Data items:
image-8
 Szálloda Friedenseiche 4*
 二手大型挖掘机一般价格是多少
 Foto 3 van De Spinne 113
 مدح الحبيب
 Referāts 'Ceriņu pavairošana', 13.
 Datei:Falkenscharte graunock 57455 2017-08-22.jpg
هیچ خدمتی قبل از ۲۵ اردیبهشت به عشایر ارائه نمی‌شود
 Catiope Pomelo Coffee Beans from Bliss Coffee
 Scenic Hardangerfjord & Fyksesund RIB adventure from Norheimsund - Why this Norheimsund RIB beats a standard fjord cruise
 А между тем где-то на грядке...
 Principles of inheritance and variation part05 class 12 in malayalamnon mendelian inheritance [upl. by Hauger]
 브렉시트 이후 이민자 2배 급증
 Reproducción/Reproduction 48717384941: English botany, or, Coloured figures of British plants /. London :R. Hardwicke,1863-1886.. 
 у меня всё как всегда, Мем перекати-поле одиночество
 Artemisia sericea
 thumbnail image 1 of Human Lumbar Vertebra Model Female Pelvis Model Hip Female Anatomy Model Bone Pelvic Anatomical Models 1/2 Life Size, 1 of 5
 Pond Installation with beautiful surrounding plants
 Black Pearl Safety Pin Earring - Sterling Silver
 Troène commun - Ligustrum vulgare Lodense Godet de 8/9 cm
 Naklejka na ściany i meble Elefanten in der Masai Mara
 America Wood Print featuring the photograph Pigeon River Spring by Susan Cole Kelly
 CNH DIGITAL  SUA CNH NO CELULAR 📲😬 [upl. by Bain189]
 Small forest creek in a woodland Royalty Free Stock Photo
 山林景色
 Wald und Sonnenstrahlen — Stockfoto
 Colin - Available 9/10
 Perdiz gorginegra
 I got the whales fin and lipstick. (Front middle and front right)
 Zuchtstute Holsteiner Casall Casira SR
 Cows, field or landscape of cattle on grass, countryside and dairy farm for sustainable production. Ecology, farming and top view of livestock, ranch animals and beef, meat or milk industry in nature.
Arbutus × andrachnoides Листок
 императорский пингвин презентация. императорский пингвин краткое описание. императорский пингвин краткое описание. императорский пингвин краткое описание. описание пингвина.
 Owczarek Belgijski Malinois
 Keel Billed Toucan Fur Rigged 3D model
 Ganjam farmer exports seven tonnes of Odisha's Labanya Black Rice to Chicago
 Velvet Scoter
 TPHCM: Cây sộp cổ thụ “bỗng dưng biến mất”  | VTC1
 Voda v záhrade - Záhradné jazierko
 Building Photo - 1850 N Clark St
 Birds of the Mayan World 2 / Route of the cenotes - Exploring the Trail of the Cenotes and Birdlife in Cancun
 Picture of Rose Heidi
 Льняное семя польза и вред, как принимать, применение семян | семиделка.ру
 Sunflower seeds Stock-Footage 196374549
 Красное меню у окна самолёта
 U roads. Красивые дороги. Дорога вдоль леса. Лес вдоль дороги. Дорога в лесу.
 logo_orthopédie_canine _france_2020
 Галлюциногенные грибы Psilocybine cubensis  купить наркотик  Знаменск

- Your goal
Would you please transcribe all of the entries above exactly?

- Answer
image-8
 Szálloda Friedenseiche 4*
 二手大型挖掘机一般价格是多少
 Foto 3 van De Spinne 113
 مدح الحبيب
 Referāts 'Ceriņu pavairošana', 13.
 Datei:Falkenscharte graunock 57455 2017-08-22.jpg
هیچ خدمتی قبل از ۲۵ اردیبهشت به عشایر ارائه نمی‌شود
 Catiope Pomelo Coffee Beans from Bliss Coffee
 Scenic Hardangerfjord & Fyksesund RIB adventure from Norheimsund - Why this Norheimsund RIB beats a standard fjord cruise
 А между тем где-то на грядке...
 Principles of inheritance and variation part05 class 12 in malayalamnon mendelian inheritance [upl. by Hauger]
 브렉시트 이후 이민자 2배 급증
 Reproducción/Reproduction 48717384941: English botany, or, Coloured figures of British plants /. London :R. Hardwicke,1863-1886.. 
 у меня всё как всегда, Мем перекати-поле одиночество
 Artemisia sericea
 thumbnail image 1 of Human Lumbar Vertebra Model Female Pelvis Model Hip Female Anatomy Model Bone Pelvic Anatomical Models 1/2 Life Size, 1 of 5
 Pond Installation with beautiful surrounding plants
 Black Pearl Safety Pin Earring - Sterling Silver
 Troène commun - Ligustrum vulgare Lodense Godet de 8/9 cm
 Naklejka na ściany i meble Elefanten in der Masai Mara
 America Wood Print featuring the photograph Pigeon River Spring by Susan Cole Kelly
 CNH DIGITAL  SUA CNH NO CELULAR 📲😬 [upl. by Bain189]
 Small forest creek in a woodland Royalty Free Stock Photo
 山林景色
 Wald und Sonnenstrahlen — Stockfoto
 Colin - Available 9/10
 Perdiz gorginegra
 I got the whales fin and lipstick. (Front middle and front right)
 Zuchtstute Holsteiner Casall Casira SR
 Cows, field or landscape of cattle on grass, countryside and dairy farm for sustainable production. Ecology, farming and top view of livestock, ranch animals and beef, meat or milk industry in nature.
Arbutus × andrachnoides Листок
 императорский пингвин презентация. императорский пингвин краткое описание. императорский пингвин краткое описание. императорский пингвин краткое описание. описание пингвина.
 Owczarek Belgijski Malinois
 Keel Billed Toucan Fur Rigged 3D model
 Ganjam farmer exports seven tonnes of Odisha's Labanya Black Rice to Chicago
 Velvet Scoter
 TPHCM: Cây sộp cổ thụ “bỗng dưng biến mất”  | VTC1
 Voda v záhrade - Záhradné jazierko
 Building Photo - 1850 N Clark St
 Birds of the Mayan World 2 / Route of the cenotes - Exploring the Trail of the Cenotes and Birdlife in Cancun
 Picture of Rose Heidi
 Льняное семя польза и вред, как принимать, применение семян | семиделка.ру
 Sunflower seeds Stock-Footage 196374549
 Красное меню у окна самолёта
 U roads. Красивые дороги. Дорога вдоль леса. Лес вдоль дороги. Дорога в лесу.
 logo_orthopédie_canine _france_2020
 Галлюциногенные грибы Psilocybine cubensis  купить наркотик  Знаменск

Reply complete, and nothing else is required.